As Joe passed by the wall, he searched for photos of the rest of the family and found one: an old shot of Bull, Timber, and Dallas with their arms around one another. It looked like it had been taken on a camping trip more than a decade ago. Bull’s mouth was agape and he looked simple. Timber was wiry and lean, and his eyes were closed as he smiled. Both brothers towered over Dallas, who stared straight at the camera with a kind of alarming confidence for a boy that small. By the looks of the photo, Dallas would have been nine or ten at the time, Joe thought. That was it as far as photos of his brothers went. The rest of the front room was a shrine to Dallas Cates. A stranger entering the house could have reasonably assumed Dallas was an only child.

Joe inadvertently glanced at Bull, who stood glowering by the door. As if Bull could read Joe’s mind, he winced and looked away. Joe almost—but not quite—felt sorry for him.

DALLAS RECLINED in an overstuffed chair in what appeared to be his old bedroom, judging by the yellowed rodeo posters on the walls and the photos of him playing football, wrestling, and running track as a Saddlestring High School Wrangler. He was watching a small television between his sock-clad feet. When Joe entered the room, Dallas turned his head stiffly and his eyes registered surprise when he recognized Joe. He lifted the remote and clicked off the set.

“Mr. Pickett,” Dallas said.

“Dallas.”

It wasn’t a ruse, Joe quickly determined. Dallas had been seriously injured. His face was still puffy and his left eye was swollen shut. The bruises on his face and neck were entering the gruesome blue, green, and yellow phase. His left arm was in a sling.

“I thought I heard Mom talkin’ to someone out there.” Dallas’s voice was muted and airier than Joe remembered. He attributed it to a throat injury.

Joe said, “Yup.”

Dallas winced as he shifted his weight in the recliner to face Joe.
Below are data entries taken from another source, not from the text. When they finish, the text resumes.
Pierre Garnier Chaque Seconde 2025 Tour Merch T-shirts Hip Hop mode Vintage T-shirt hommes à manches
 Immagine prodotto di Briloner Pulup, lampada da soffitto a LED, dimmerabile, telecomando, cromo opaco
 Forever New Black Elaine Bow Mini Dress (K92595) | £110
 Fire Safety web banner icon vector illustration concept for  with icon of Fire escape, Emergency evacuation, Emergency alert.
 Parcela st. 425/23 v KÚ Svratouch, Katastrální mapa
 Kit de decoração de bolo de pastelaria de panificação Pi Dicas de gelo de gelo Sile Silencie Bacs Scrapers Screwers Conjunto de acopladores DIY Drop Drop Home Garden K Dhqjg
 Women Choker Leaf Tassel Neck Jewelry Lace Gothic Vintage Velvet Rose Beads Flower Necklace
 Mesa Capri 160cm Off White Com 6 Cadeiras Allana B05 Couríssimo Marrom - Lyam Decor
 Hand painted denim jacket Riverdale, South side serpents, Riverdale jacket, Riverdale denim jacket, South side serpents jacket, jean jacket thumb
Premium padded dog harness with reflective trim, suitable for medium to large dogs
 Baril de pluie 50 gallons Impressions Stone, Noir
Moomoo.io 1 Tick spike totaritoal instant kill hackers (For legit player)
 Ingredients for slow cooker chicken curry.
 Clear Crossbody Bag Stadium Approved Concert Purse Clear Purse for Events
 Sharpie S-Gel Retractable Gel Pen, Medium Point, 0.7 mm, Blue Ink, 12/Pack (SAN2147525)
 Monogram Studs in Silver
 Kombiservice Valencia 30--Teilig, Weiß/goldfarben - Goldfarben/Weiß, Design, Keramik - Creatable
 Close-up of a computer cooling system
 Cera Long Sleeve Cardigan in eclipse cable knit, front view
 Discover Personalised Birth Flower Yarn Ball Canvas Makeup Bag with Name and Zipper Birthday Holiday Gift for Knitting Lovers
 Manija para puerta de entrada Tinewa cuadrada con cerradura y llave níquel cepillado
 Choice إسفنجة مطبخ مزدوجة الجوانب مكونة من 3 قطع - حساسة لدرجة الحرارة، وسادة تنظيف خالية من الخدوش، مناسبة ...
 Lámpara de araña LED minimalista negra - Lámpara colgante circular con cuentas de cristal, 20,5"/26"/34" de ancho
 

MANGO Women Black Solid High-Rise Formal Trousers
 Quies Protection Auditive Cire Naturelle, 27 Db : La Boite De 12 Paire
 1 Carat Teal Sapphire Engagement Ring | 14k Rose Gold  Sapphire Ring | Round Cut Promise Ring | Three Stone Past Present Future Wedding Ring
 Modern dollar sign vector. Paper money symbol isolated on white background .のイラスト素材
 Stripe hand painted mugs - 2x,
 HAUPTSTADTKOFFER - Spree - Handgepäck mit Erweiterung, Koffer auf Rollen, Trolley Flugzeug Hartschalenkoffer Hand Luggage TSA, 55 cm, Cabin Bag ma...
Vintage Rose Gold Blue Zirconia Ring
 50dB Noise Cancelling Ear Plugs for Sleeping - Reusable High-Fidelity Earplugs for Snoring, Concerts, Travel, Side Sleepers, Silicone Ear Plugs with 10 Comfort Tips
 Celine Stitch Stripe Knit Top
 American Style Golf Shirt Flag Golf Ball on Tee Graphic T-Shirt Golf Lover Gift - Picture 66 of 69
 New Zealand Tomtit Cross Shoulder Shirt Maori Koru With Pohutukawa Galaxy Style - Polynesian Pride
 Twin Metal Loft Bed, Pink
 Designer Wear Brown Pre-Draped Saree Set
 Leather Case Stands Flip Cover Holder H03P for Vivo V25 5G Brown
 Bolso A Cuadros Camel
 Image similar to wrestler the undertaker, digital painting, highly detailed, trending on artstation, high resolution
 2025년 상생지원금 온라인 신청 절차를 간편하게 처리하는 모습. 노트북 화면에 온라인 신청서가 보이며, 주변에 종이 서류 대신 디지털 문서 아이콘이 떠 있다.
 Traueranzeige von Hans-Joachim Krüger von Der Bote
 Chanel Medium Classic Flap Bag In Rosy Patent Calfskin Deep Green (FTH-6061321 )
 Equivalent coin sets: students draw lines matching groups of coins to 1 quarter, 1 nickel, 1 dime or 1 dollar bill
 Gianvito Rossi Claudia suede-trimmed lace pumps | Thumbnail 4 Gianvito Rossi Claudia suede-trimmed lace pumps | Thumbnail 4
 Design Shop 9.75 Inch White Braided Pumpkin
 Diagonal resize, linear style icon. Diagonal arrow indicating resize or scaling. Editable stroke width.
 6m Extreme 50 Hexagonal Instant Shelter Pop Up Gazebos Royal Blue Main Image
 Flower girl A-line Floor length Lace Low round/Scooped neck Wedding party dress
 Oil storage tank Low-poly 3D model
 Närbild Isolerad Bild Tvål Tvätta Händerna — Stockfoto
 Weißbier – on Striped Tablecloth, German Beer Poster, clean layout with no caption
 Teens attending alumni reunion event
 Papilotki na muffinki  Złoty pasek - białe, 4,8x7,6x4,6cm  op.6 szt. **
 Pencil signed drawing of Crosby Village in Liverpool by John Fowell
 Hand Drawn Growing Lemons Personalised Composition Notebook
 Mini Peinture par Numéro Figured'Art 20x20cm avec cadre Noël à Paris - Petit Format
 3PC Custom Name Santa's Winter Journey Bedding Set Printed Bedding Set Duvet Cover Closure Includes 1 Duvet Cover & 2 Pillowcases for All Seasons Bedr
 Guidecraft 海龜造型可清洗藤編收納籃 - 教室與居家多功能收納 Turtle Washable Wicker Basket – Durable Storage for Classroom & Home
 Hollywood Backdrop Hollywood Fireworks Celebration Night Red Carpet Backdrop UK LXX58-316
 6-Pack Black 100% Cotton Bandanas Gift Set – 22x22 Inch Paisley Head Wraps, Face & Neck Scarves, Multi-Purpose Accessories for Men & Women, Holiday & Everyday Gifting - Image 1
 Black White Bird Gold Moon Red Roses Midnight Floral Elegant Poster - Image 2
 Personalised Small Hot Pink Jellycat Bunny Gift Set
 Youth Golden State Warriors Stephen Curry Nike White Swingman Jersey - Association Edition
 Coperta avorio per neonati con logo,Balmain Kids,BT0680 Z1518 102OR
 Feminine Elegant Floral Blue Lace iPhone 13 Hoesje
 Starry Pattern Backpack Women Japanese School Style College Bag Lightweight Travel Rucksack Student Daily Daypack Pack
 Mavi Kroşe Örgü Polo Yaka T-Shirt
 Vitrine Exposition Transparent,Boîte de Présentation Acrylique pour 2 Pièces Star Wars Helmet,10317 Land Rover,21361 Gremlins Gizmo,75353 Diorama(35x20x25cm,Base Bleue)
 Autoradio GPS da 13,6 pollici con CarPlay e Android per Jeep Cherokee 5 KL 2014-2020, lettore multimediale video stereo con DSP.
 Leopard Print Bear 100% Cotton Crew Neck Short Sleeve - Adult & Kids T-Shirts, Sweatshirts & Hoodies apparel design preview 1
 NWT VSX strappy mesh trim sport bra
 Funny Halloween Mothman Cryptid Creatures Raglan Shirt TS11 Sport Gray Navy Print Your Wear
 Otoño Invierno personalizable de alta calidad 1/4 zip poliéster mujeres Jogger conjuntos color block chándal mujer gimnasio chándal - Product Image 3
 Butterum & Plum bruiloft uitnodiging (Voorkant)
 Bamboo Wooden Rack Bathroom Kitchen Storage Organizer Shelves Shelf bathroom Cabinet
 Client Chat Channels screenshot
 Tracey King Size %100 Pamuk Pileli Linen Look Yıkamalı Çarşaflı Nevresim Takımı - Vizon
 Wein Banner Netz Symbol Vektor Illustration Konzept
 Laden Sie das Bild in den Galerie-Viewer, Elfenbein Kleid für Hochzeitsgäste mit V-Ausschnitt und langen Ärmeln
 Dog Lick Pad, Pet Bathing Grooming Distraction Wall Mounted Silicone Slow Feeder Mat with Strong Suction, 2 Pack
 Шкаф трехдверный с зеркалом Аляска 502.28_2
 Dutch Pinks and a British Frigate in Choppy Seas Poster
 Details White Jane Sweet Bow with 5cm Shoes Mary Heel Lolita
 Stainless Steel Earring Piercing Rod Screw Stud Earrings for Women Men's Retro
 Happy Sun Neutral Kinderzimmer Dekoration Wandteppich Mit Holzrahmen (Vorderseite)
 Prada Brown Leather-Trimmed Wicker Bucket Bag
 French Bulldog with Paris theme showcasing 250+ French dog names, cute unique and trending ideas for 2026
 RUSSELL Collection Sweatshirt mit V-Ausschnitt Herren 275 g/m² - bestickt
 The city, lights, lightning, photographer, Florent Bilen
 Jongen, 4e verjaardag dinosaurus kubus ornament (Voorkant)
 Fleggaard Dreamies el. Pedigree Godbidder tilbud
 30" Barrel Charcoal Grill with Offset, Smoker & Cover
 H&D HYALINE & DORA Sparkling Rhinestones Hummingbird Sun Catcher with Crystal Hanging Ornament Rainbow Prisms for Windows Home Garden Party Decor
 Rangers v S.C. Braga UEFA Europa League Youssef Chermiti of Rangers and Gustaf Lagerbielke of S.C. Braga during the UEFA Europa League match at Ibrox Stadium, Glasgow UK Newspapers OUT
Even in his condition, Dallas radiated a kind of raw physical power, Joe thought. Muscles danced and his tendons popped beneath his skin as he moved. Sinew corded in his neck.

“Nothin’ hurts like busted ribs,” Dallas said, and he lifted the front of his baggy sweatshirt. His midsection was wrapped, but Joe could see the bruised discoloration on Dallas’s skin above and below the bandage.

“I broke my ribs once,” Joe said. “I know how it hurts.”

“It’s not so bad,” Dallas said with one of the big boxy grins he was famous for. “It only hurts when I breathe. Or talk. Or eat. Or try to move.”

Joe nodded sympathetically.

“Dr. Jalbani at the clinic in town says the only thing I can do is rest and let the ribs heal on their own. There’s nothing they can do to speed up the recovery. Did you know that?”

“I did.”

“When did Saddlestring get a Pakistani doctor?” Dallas asked. “It seems kind of funky.”